Well, time passed and seasons changed. And so did the relationship between Macron and Trump. What was once considered a “bromance” has since turned sour. The two leaders have recently exchanged pointed remarks on nationalism, international relations, and the role of the United States in the world.

And then, just as the pair met again on the anniversary of D-Day, that great symbol of their former friendship withered and died. The sapling didn’t survive its required quarantine, and never made it back to the White House lawn.

It was sad news. Oak trees are hearty and resilient, and live hundreds of years. “An old adage says that they will grow for 300 years, hold for 300 years, and die for 300 years,” said Roderick Cameron, curator of the Grigadale Arboretum in Argentina and a member of the International Oak Society. European oaks live even longer than American ones, he added, especially the species Macron presented Trump.

So, what went wrong? Guy Sternberg, another oak expert and member of the International Oak Society, said that between the origin of the tree, the endless transportation, and the time of year it was planted, “the tree never stood a chance.”

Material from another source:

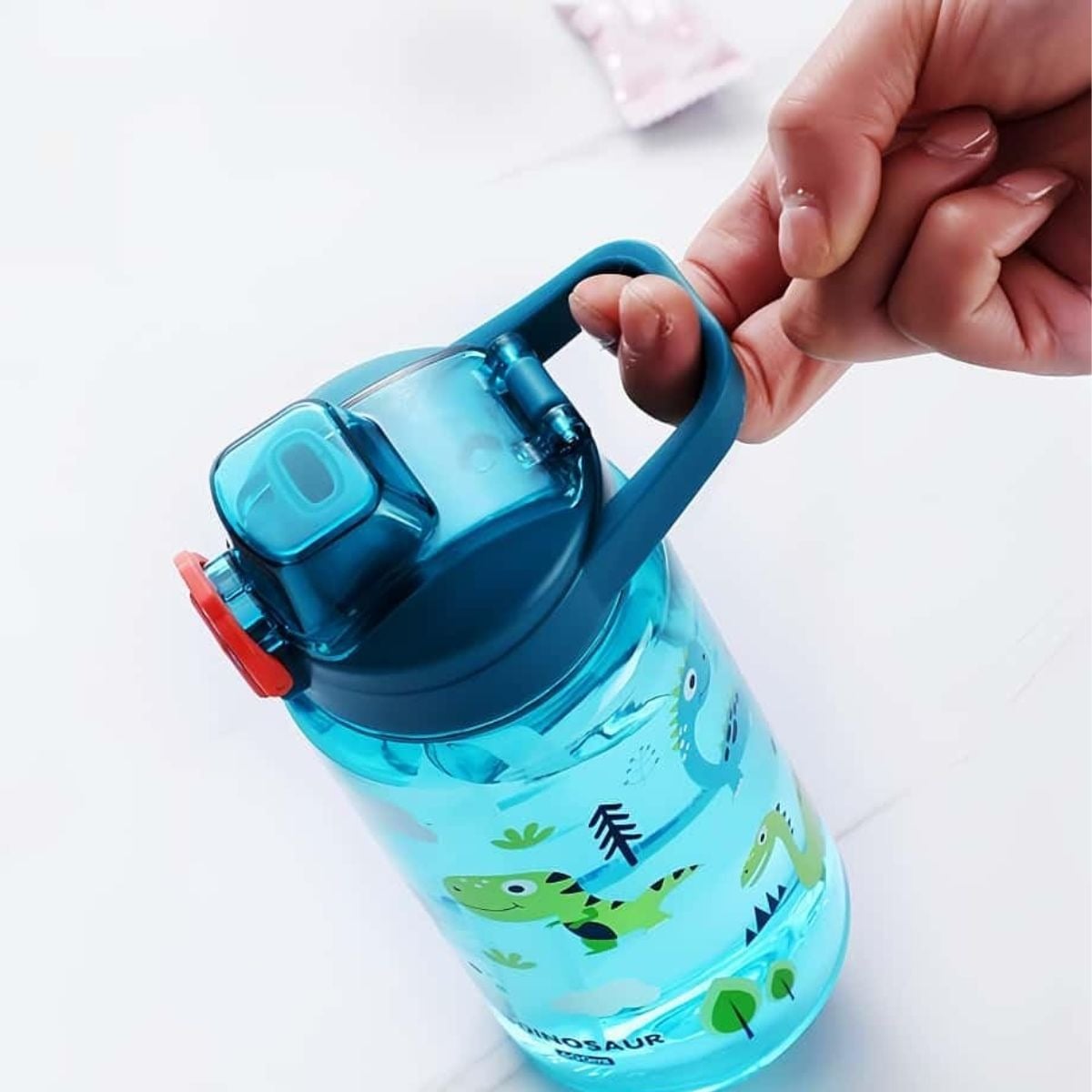 SET 2 BOTELLAS DE AGUA DEPORTIVA INFANTIL NIÑOS LAU - 3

Don’t get a tree from the wild

Macron took the tree from the site of a battle. So it was removed from the wild. While thoughtful, it was not great for the tree’s chance of survival. A tree grown in a nursery undergoes root training that makes it easier to transport, whereas one taken from the wild will have roots extending far away from the plant itself. A sapling of the size given to the White House, for instance, would have roots that are over a meter long. It’s almost impossible to dig them out without causing damage.

Don’t plant your tree when the weather is nice

The nice spring day when Macron visited the White House made for good photos, but spring is actually the worst time to plant a tree. “You never ever try to transplant [a tree] in April or May,” Sternberg said. Toward the end of winter, a tree comes out of hibernation and starts growing roots. That’s a better time to plant it.

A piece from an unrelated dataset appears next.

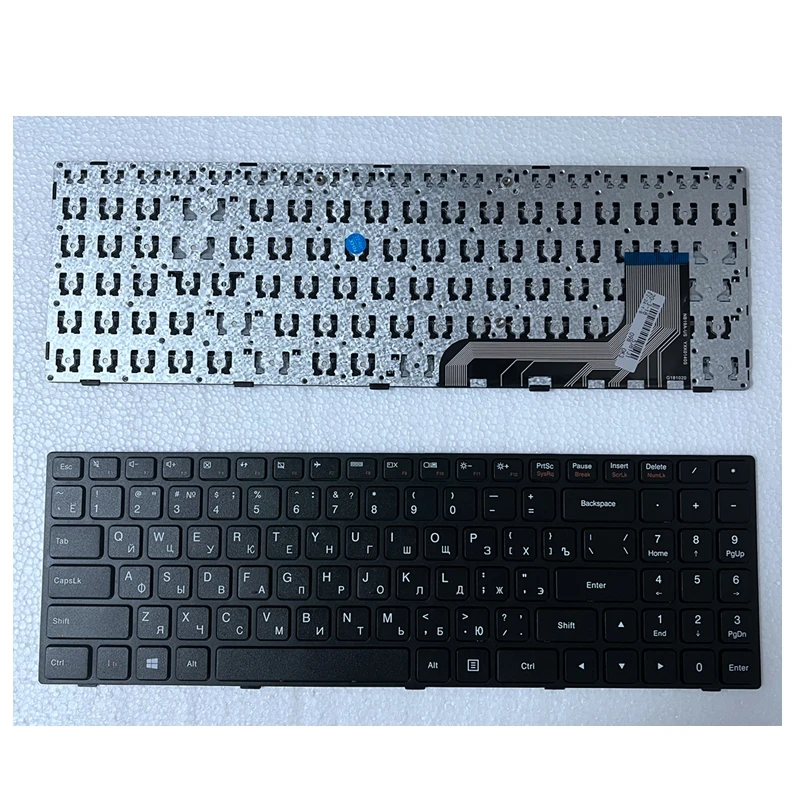 Klawiatura RU/US/UK/UKlaptop do serii LENOVO Ideapad/TIANYI 15ibd 100-15 100-15IBY 100-15IBD 300-15 B50-10 B50-50 — zdjęcie 3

As soon a the temperature goes up, and the tree starts developing new branches and buds, moving it is traumatic. Of course, Macron didn’t have the chance to wait. The state visit was scheduled for late April. Still, Sternberg said that “no one would move a tree that time of the year if they had the choice.”

Don’t fake-plant a tree

One transportation is hard on a tree; two are just excessive. The White House tree was dug out after the ceremony in the lawn and moved into quarantine. But planting it for a photo opportunity and then removing it again from the soil is too much stress for an already distressed plant.

Get expert advice

It’s hard to imagine having access to better expertise than the Elysée and the White House combined, which means the sad fate of the friendship tree was likely expected even by those who did their best to keep it alive.

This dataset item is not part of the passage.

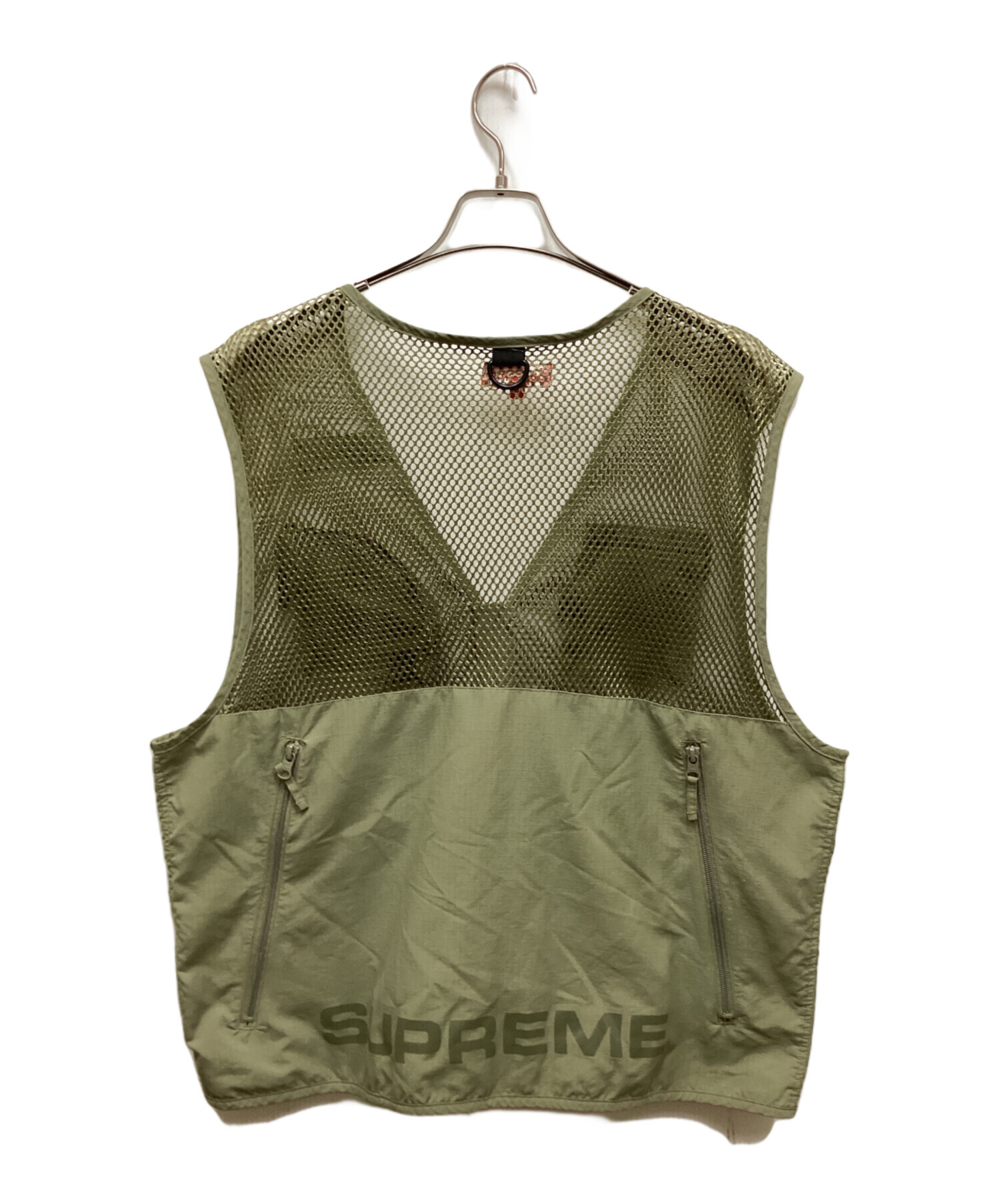 Supreme フィッシングベスト オリーブ Supreme フィッシングベスト オリーブ 【公式通販】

“I don’t think anyone expected it to survive,” Sternberg said. Still, it’s important to ask for help from professionals—even for trees that are coming from a nursery, and are planted at the right time of the year. There is a strategy to ensure the roots don’t circle around themselves, for instance, which ends up suffocating the plant. Sternberg suggested relying on support from experts at universities or forest departments.

Don’t give up

The saying “strong as an oak” exists for a reason: You can keep your tree thriving pretty easily. Even if the sapling looks dry and it’s lost all its leaves, Cameron said, it’s worth scratching the bark to see if there is green underneath. It takes weeks for a sapling to dry out completely, so there’s a chance the core will still be green, and new branches can sprout again.

That wasn’t the case, sadly, for the Trump and Macron’s friendship tree.